Ménage à Trois (or even quatre)?
April 21, 2011 § 5 Comments
The dunnock is a small, brown bird that creeps about on the ground, foraging for insects and creepy-crawlies. Its plumage is drab and puritanical, and its movements, are — for the most part — those of a preoccupied old lady, shuffling down to the shops for a loaf of bread and a pint of milk.
Its apparent modesty and decency prompted the Victorian ornithologist, the Reverend Frederick Orpen Morris, to preach to his congregation that they would do well to emulate the dunnock: “Unobtrusive, quiet and retiring, without being shy, humble and homely in its deportment and habits, sober and unpretending in its dress, while neat and graceful, the dunnock exhibits a pattern which many of a higher grade might imitate, with advantage to themselves and benefit to others through an improved example.”

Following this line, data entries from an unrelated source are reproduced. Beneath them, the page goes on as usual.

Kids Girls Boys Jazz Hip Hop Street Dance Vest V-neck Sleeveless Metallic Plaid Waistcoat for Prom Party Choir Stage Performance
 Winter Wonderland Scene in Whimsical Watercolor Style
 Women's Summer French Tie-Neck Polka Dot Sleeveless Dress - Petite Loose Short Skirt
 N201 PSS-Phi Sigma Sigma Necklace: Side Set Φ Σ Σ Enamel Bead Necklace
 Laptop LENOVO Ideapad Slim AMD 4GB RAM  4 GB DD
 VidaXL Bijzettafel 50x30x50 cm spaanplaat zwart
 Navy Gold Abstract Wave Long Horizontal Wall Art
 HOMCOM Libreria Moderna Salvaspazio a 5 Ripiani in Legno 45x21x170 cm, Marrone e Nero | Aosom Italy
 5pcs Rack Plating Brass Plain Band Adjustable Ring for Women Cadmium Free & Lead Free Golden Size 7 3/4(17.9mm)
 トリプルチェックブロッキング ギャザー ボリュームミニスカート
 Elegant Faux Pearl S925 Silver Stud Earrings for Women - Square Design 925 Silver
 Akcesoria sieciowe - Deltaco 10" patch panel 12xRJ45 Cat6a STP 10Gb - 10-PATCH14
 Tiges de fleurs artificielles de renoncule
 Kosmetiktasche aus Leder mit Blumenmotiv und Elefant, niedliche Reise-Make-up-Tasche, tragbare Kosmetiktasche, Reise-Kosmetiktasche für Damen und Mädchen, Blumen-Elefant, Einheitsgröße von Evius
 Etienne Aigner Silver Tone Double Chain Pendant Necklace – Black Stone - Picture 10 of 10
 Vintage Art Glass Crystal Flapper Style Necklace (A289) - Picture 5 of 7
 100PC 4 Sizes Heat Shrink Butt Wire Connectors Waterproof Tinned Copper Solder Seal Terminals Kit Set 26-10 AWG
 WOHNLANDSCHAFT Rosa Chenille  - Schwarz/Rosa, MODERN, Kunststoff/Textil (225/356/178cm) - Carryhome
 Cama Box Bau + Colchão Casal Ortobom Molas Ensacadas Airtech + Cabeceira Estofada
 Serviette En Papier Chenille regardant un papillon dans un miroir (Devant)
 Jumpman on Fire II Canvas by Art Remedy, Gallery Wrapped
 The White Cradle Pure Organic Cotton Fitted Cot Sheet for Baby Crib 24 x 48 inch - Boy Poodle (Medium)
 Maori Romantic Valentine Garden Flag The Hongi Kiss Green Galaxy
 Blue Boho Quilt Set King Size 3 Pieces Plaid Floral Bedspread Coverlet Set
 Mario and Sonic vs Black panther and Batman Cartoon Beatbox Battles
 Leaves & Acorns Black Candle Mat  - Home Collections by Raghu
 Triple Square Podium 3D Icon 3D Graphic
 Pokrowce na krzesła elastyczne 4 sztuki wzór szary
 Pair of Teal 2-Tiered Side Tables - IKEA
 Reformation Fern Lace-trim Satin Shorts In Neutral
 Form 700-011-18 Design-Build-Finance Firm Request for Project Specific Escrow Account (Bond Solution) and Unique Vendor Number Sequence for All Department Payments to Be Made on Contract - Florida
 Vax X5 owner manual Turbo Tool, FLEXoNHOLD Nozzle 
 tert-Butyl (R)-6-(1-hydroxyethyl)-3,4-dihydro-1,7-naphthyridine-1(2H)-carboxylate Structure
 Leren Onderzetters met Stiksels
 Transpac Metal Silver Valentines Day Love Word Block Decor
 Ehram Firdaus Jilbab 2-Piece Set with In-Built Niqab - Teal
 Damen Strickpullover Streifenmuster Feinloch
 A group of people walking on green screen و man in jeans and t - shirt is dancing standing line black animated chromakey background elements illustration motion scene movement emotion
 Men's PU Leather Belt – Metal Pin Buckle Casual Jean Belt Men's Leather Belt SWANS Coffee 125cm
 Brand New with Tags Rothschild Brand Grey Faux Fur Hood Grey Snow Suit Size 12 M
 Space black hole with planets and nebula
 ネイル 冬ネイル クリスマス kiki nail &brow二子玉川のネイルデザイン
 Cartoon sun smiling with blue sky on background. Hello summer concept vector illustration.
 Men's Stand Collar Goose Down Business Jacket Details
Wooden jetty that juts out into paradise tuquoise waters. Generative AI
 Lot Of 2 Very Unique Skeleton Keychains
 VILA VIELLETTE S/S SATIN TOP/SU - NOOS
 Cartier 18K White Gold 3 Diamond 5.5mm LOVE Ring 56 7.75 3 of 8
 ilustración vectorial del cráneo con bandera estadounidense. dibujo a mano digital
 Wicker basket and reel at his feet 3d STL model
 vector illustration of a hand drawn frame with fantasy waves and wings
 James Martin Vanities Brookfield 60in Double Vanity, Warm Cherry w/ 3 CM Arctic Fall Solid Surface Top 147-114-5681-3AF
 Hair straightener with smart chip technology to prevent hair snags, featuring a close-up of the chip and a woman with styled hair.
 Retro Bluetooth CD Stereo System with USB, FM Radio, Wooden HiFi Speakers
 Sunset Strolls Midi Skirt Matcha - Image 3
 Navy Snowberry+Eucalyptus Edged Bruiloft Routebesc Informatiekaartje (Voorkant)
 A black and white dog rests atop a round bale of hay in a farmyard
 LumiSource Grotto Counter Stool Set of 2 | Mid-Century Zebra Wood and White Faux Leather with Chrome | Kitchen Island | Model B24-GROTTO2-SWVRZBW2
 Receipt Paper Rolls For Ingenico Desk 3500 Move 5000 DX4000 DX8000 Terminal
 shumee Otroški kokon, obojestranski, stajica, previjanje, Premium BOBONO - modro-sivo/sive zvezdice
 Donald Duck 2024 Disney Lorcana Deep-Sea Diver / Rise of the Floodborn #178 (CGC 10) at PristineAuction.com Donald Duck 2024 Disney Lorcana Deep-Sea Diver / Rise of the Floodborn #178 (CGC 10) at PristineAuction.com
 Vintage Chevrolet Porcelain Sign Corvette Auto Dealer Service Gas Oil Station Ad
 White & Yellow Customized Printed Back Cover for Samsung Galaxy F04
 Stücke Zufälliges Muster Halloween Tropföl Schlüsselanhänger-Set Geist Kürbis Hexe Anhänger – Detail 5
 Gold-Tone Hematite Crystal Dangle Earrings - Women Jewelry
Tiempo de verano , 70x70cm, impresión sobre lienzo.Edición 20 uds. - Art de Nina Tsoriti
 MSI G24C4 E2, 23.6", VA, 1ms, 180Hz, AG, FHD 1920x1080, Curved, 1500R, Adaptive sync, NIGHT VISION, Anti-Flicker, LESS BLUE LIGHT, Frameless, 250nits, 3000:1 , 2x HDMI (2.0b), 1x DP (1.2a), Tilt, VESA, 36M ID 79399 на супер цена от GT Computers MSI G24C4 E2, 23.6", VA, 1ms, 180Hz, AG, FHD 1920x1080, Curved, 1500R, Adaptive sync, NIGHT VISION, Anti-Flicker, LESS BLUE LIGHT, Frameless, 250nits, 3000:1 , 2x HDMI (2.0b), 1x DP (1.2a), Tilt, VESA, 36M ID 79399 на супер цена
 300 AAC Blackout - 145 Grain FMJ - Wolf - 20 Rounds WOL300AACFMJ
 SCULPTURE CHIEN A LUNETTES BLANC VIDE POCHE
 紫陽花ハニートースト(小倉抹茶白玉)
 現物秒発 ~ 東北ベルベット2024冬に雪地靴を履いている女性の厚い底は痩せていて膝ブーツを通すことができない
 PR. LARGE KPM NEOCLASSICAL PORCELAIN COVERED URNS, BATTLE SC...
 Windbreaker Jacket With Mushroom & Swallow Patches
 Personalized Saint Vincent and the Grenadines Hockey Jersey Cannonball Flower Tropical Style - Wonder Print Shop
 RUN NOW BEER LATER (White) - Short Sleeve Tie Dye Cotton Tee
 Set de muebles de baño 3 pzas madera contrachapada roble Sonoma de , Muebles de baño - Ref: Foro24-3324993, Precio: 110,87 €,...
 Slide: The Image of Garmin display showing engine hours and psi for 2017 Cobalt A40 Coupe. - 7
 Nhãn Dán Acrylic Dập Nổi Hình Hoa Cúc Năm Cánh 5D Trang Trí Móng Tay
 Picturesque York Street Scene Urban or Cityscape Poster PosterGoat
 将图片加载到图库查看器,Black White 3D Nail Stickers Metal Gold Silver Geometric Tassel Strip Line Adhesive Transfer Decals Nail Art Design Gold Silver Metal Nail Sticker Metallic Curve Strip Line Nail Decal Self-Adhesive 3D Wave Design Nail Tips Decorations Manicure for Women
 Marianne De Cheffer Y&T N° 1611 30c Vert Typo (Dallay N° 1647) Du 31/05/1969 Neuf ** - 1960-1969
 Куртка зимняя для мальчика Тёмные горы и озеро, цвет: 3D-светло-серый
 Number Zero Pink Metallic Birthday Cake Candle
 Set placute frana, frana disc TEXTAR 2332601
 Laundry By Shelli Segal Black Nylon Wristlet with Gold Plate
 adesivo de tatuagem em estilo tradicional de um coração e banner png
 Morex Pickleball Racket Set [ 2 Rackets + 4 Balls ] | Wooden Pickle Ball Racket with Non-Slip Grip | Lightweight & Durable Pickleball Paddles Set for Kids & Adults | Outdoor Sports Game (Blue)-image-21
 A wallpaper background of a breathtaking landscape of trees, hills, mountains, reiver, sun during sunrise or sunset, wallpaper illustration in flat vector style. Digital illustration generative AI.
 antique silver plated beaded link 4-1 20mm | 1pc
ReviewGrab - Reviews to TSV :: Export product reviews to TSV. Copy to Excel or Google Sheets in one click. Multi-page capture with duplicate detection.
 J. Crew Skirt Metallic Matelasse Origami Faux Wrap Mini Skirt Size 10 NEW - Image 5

Morris was born in Ireland, near Cork, the son of a British admiral and his wife, Rebecca Orpen, who was the daughter of the vicar of Kelvargan, in Co Kerry. After attending Oxford and taking Holy Orders, Morris was posted to various parishes in Yorkshire. He was a serious amateur ornithologist and entomologist, publishing many essays and pamphlets, and editing and revising several books. Despite his great output and dedication, it is the quotation above that is most often wheeled out by writers today. And with some glee.
The dunnock is, in fact, anything but unobtrusive and retiring, and its habits are hardly humble or homely. The dunnock is — oh, Reverend Morris, if only you had known! — mad for sex. Arrangements where a female is mated with two males are not unusual. Or sometimes (less frequently) a male has two females. Or sometimes there is even a spot of avian swinging, where two pairs mix and match.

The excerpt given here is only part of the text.